Despite that, VAST Data found that by adding some code to Linux’s NFS TCP stack, they were able to increase NConnect to 64 TCP connections per compute node. Howard mentioned that with these changes and a 16 (compute) node VAST Data storage cluster they sustained 175GB/sec of GPUDirect Storage bandwidth using a DGX-A100 systems .

Subramanian Kartik, Global Systems Engineering Lead, VAST Data

Subramanian Kartik has been the Vice President of Systems Engineering at VAST Data since January of 2020, running the global presales organization. He is part of the incredible success of VAST Data which increased almost 10-fold in valuation and revenue in this period.

An accomplished technologist and executive in the industry, he has a wide array of experience in Cloud Architectures, AI/Machine Learning/Deep Learning, as well as in the  Life Sciences, covering high-performance computing and storage.
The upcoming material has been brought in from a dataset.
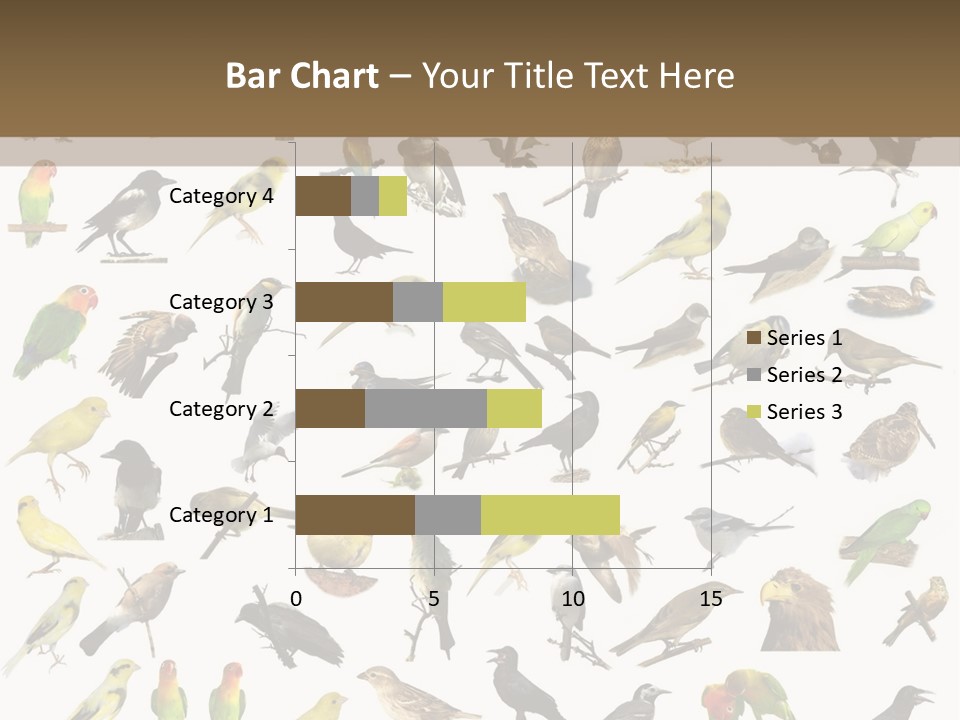 Tit Canary Wagtail PowerPoint Template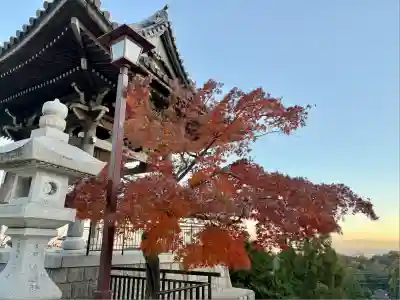 神咒寺(兵庫県)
He has had a lifelong deep passion for studying complex problems in all spheres spanning both workloads and infrastructure at the vanguard of current day technology. 

Prior to his work at VAST Data, he was with EMC (later Dell) for two decades, as both a Distinguished Engineer and global executive running the Converged and Hyperconverged Division  go-to-market. He has a Ph.D in Particle Physics with over 75 publications and 3 patents to his credit over the years. He enjoys mathematics, jazz, cooking and travelling with his family in his non-existent spare time.
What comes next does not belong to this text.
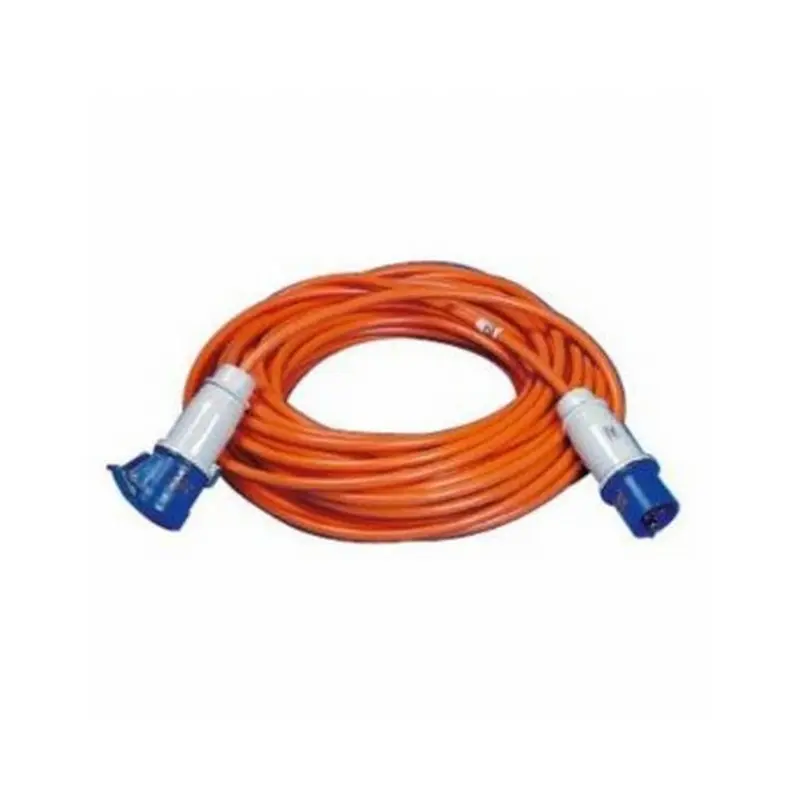 10 Metre Mains Site Lead
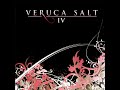 Veruca Salt - Perfect Love (Music Video)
Howard Marks, (former GreyBeards Co-Host) Technologist Extraordinary and Plenipotentiary, VAST Data

Howard Marks brings over forty years of experience as a technology architect for hire and Industry observer to his role as VAST Data’s Technologist Extraordinary and Plienopotentary. In this role, Howard demystifies VAST’s technologies for customers and customer requirements for VAST’s engineers.

Before joining VAST, Howard ran DeepStorage an industry test lab and analyst firm. An award-winning speaker, he has appeared at events on three continents including Comdex, Interop and VMworld.

Howard is the author of several books (all gratefully out of print) and hundreds of articles since Bill Machrone taught him journalism at PC Magazine in the 1980s.

Listeners may also remember that Howard was a founding co-Host of the Greybeards-on-Storage Podcast.